I have a query in relation to an estate house we bough off plans. Looking on the County Council planning site there is a specified distance to the boundary wall in the estate planning application, however it looks like our builder has mistakenly laid foundations and build block-work closer to the boundary wall by more than a meter. We are at first floor level we we noticed this error and the builder is insisting there is no mistake. The site is under half an acre and narrow so you'll appreciate that moving the house out by that distance is not ideal as we are right up against a boundary wall.

What recourse do we have here? 
Is it too late to ask him to knock and move walls by the specified distance? 
Is there any action the council could take against us for the builders mistake?


----------



## Sue Ellen (29 Nov 2021)

What does your solicitor have to say about this?


----------



## cremeegg (29 Nov 2021)

Sue Ellen said:


> What does your solicitor have to say about this?


I would say an engineers report would be your first stop.

"it looks like" is no basis to proceed, and indeed these things can be more complex than may be apparent.

If your engineer confirms that the building is not in accordance with the planning permission, and does not contextualise that statement in such a way as to remove any cause for complaint, then your solicitor may be able to give an opinion.

You might want to notify the council to ward off any future action from there.

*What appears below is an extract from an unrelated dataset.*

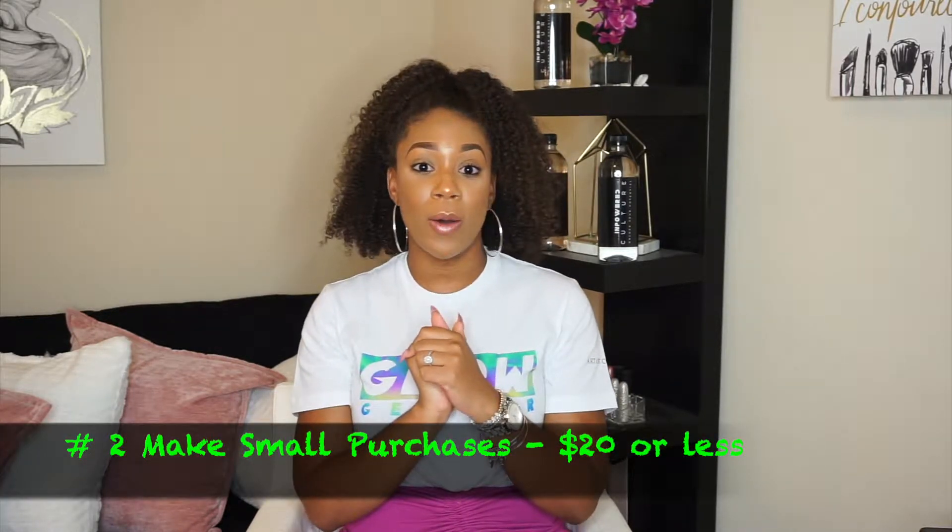You're probably thinking, okay, me giving the bank money — what is this going to do? Well, that leads me to tip number two. You are going to go ahead and make purchases on that card. Make small purchases. You don't want to go over 30% of that card limit because that will start to negatively impact your credit. I recommend making small, recurring purchases — things like your Netflix, your Hulu, your Apple Music, whatever subscription services you have that you know is a guaranteed amount spent every single month. What you're trying to do is show that you're actively using this card so that you are able to make payments on it.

You might want the builder to knock and rebuild, though that might take more than a strongly worded letter.

You might want to back out of the sale.

Does this issue arise with other houses in the estate?


----------



## Horatio (1 Dec 2021)

So the house & boundary wall are a meter closer than planned. Could it be the case that the boundary wall is in the wrong place & the house is correct? If that is the case then rectification may be simpler. Knock the wall & rebuild it in the right spot.

I would expect that all design measurements on the plan are based on a datum point. If the wall was pre-existing the build & is itself the datum point then it is more complex.

I would tread very carefully here if I were in your situation. While you may well be out of pocket for a meter of property, the implications of drawing attention to this with the local authority may evolve into a much bigger problem. I'd be trying to understand the problem at it's deepest level & resolving privately with the builder through compensation or similar before I'd bring in the council. In resolving privately with the builder I would be sure not to release him of any future responsibility (by assuming responsibility myself) of rectifying the situation should the local authorities pick up on this issue in future.

But that's just me.

Good luck - hope all works out for you...


----------



## Peanuts (1 Dec 2021)

Is the house parallel to the boundary wall along its entirety?


----------



## Leo (2 Dec 2021)

I'd ask for details of whoever is going to sign off on compliance and make sure they're aware of this issue and are prepared to put their insurance on the line in the event of problems.


----------